Nervousness in the contact has Peter tense when Tamara hooks that arm around his and leads him to where Pila's caged in Abby's bedroom. Brown eyes flit across the unfamiliar corner of the apartment, then back to Tamara with a scrutinizing eye to her answer. "What happened to you…" isn't so much a question as a vocalized notion of pity. The smile Peter offers is a sad one, and the lift of his gloved hand to her shoulder comes with only the gentlest of squeezes. There isn't really an answer that would satisfy Peter, and truth be told Tamara doesn't recall the answer herself. Maybe she would like to know as much as he would.

"I can sympathize…" Peter offers quietly, eyes only leaving Tamara's when Pila noisily demands attention with a flutter of her wings and a hop on her perch, vocalizing her loneliness and disappointment that it's the wrong Italian here right now. "…having an ability that makes being like everyone else difficult."
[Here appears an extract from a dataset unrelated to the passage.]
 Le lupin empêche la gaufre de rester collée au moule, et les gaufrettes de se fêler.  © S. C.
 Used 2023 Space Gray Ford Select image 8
Noisily uncurling the top of the seed bag, Peter pops out a corner to a point and then tips it between the bars, carefully tilting the bottom of the bag up as he pours seed into the little plastic hanging basket. "I wish I could help…" but then he can't be certain that he's not, either. She's tricky like that.

"Choice and consequence," Tamara states cryptically; what it's intended to answer or address… is anyone's guess. "Glove in hand, and it's not the kind that could be taken off." She leans forward to press her nose between the cage bars, offering Pila a warmer, less poignant smile. Then the girl steps back, half-turning to face Peter, expression somber. "Try not to make the spiral faster," she says softly. "If you could." Watching Peter for a moment more, she breaks off, moving out of the bedroom.

Peter stays still when Tamara moves, his eyes focused distantly on the floor, or perhaps through it. When he finally realizes that she's moved, his head quirks up and he twists to follow her movement. "Wait— " he abruptly splutters, spilling a few seeds on the floor before he remembers to tip the bag back up. "What do you mean, I— " Peter curls his fingers tightly around the top of the bag, hustling after Tamara through the bedroom, coming to pause in the doorway leading out.

"I don't understand…" Everyone says it to Tamara, eventually, either with their eyes or with their lips, or with their actions. It's the latter that often hurts the most, but at least for Tamara it isn't a hurt that lasts for too long.

Tamara pauses, half-twisting to look back at him over her shoulder. "No one does," she says quietly, her smile softly bittersweet, never reaching those tired blue eyes. "Not even the mirror."

Discomfiting words, and the last ones the seeress speaks before she slips into the hallway, their cryptic significance a void tangibly echoing from the apartment's walls.